Eva-Maria Stange, Erika Hoffmann und Marion Ackermann with Untitled by Félix González-Torres SKD, Oliver Killig

Dresden’s State Art Collections received a gift of 1,200 works by artists including Jean-Michel Basquiat, Tracey Emin, Isa Genzken, Sigmar Polke, Bruce Nauman, Wolfgang Tillmans, Cy Twombly and Andy Warhol from a private collector.

Erika and Rolf Hoffmann began collecting in the 1960s in Mönchengladbach, then later in Cologne, discovering artists in the galleries of the Rhineland and at Documenta in Kassel. They focussed on artists who broke rules and challenged conventions.

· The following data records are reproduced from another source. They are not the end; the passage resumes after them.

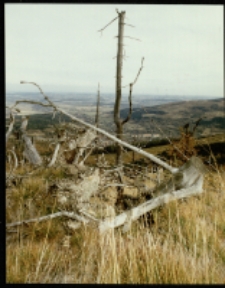 G&oacute;ry Izerskie (fot.8) [Dokument ikonograficzny]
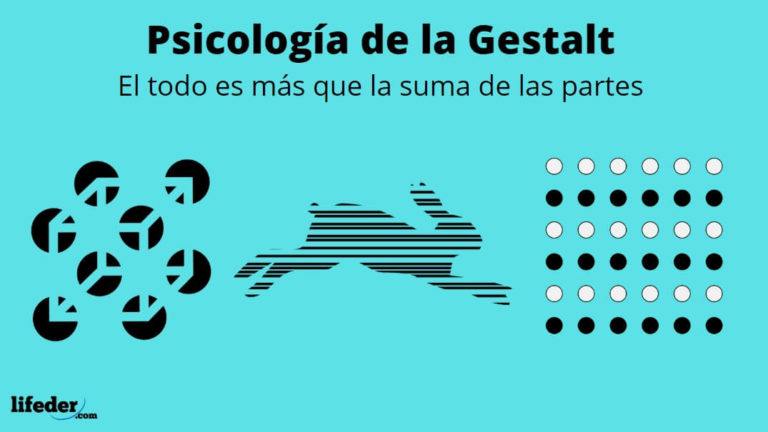 Psicología De La Gestalt Teoría Leyes Autores 6185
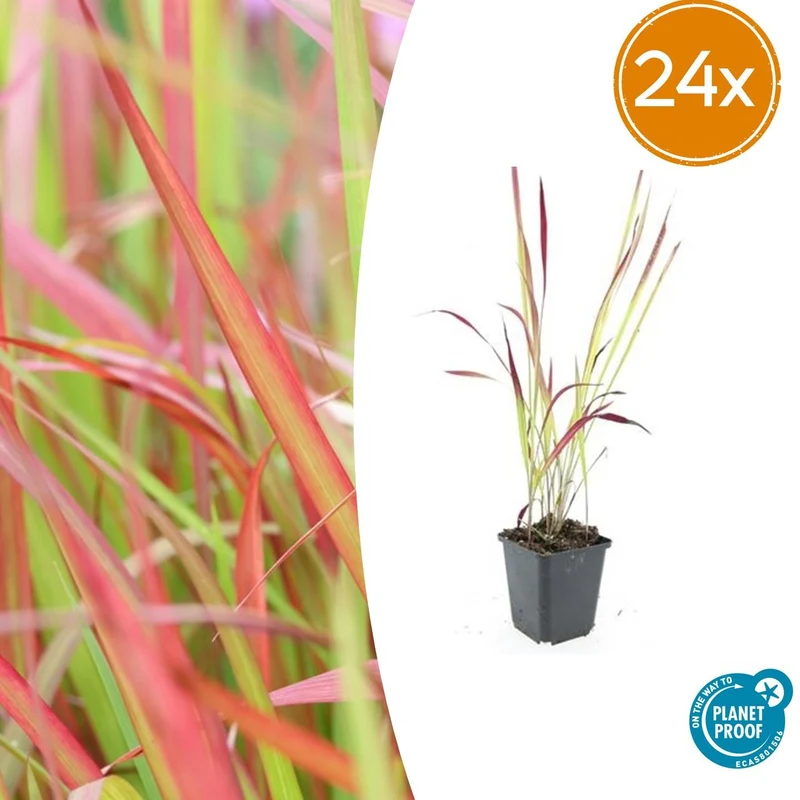 24x Imperata cylindrica 'Red Baron'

“The Hoffmann collection stands out among the world’s great private collections, not just for its open-minded outlook and the philosophical approach the two collectors have taken,” says Marion Ackermann, the director of the Dresden State Art Collections. “It contains important works by local and international, male and female, well-known and unknown artists, all of which are treasures that fill gaps in our knowledge of art history and expand our horizons.”

In the 1990s, the couple planned to build an institute for contemporary art designed by the artist Frank Stella and located next to the Zwinger in Dresden, but the plans faced resistance from the government of Saxony. In 1994, they found an empty factory building in central Berlin and renovated it to house their art collection, which they opened for small group tours every Saturday. Since Rolf Hoffmann’s death in 2001, Erika Hoffmann has continued to build and manage the collection.

It will now be integrated into the collections of the 15 Dresden museums over the next five years, a statement from the State Art Collections said.

“My husband’s and my own connection to Dresden never completely broke off,” Hoffmann said. “Integrating the Hoffmann collection into the State Art Collections is completely different from what we planned back then, but it fulfils the original desire for a dialogue with art across borders and generations.”